No matter how good our intentions, how intelligent our approaches, if our parenting is coming through underground channels of our needs, it is inevitable that it will come out contaminated.
The unconscious evil
We’re scared at the thought of physically abusing or harming our children in any way. We put ourselves in a different category from those who do; we take our job as parents seriously. But every day, parents are putting their emotional and psychological interests before those of their children. Chances are, they are never aware of it.
Living an illusion
Our children become our victims when we hide from ourselves, when we don’t experience who we are and what we do, when we give altruistic reasons to explain our actions.

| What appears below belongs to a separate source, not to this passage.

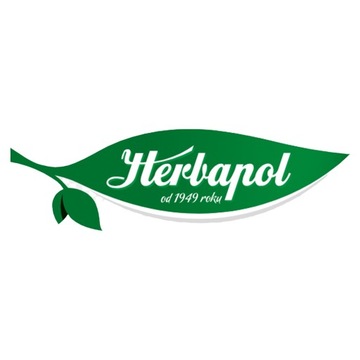 HERBAPOL BREAKFAST WINTER SECRET фруктовый чай экспресс 20 КОНВЕРТОВ
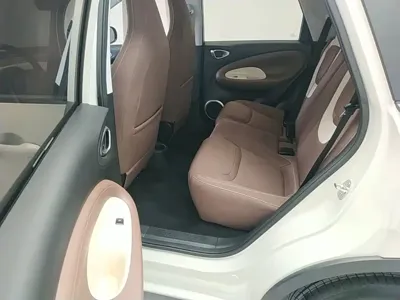 Wuling Bingo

The most common reason given is we want what is best for our children. Parents who are unwilling or incapable of confronting themselves, their inner wishes and needs, live behind a mask of distortion, they exist in an illusion.
Any emotional use of children by parents will undermine their development. Psychiatrists say that as soon as the child is regarded as a possession for which one has a particular goal, as soon as one exerts control over her, her vital growth will be violently interrupted.
We use our children as our possessions when we focus our own needs on them. A father uses his child as his possession when his ambition for his daughter is overlaid on the boy’s interests and talents.
“Music is not a profession! You must be a lawyer.” At 48, the lawyer daughter is deep in a mid-life crisis. Her days feel empty, her husband complains that she acts like an old woman. Twenty years married to work while her heart was elsewhere has taken its toll.
Not remote controlled
We perpetrate this when we attempt to become the constant directors of our children’s experience, when we “know what is best for them,” not only in how to use the new toy the ‘right’ way, but what, when, and how to feel and express themselves.
We encase them in a veneer that reflects our needs and our shadows, prompting them to conceal from the world, and eventually from themselves, who and how they truly are. We minimise their sense of self, we disqualify the validity of their experiences, we disqualify them.
Parents make a deliberate effort to provide their child with quality experiences in all areas of life. Unfortunately, this deliberate effort is often counter to their unacknowledged inner wishes and needs, and therefore result in a profoundly negative outcome.
Well-intentioned we may be, but as long as we are blind to the reality of ourselves and our intention with our children, we are living an illusion.
As children discover, they can’t get through the wall of the parents’ interests and get hold of a true response, they gradually lose touch with their own experience as well, since to voice their reality is a threat to their parents’ illusion. They will always lose, for a child’s sense of wholeness depends on the parents’ integrity.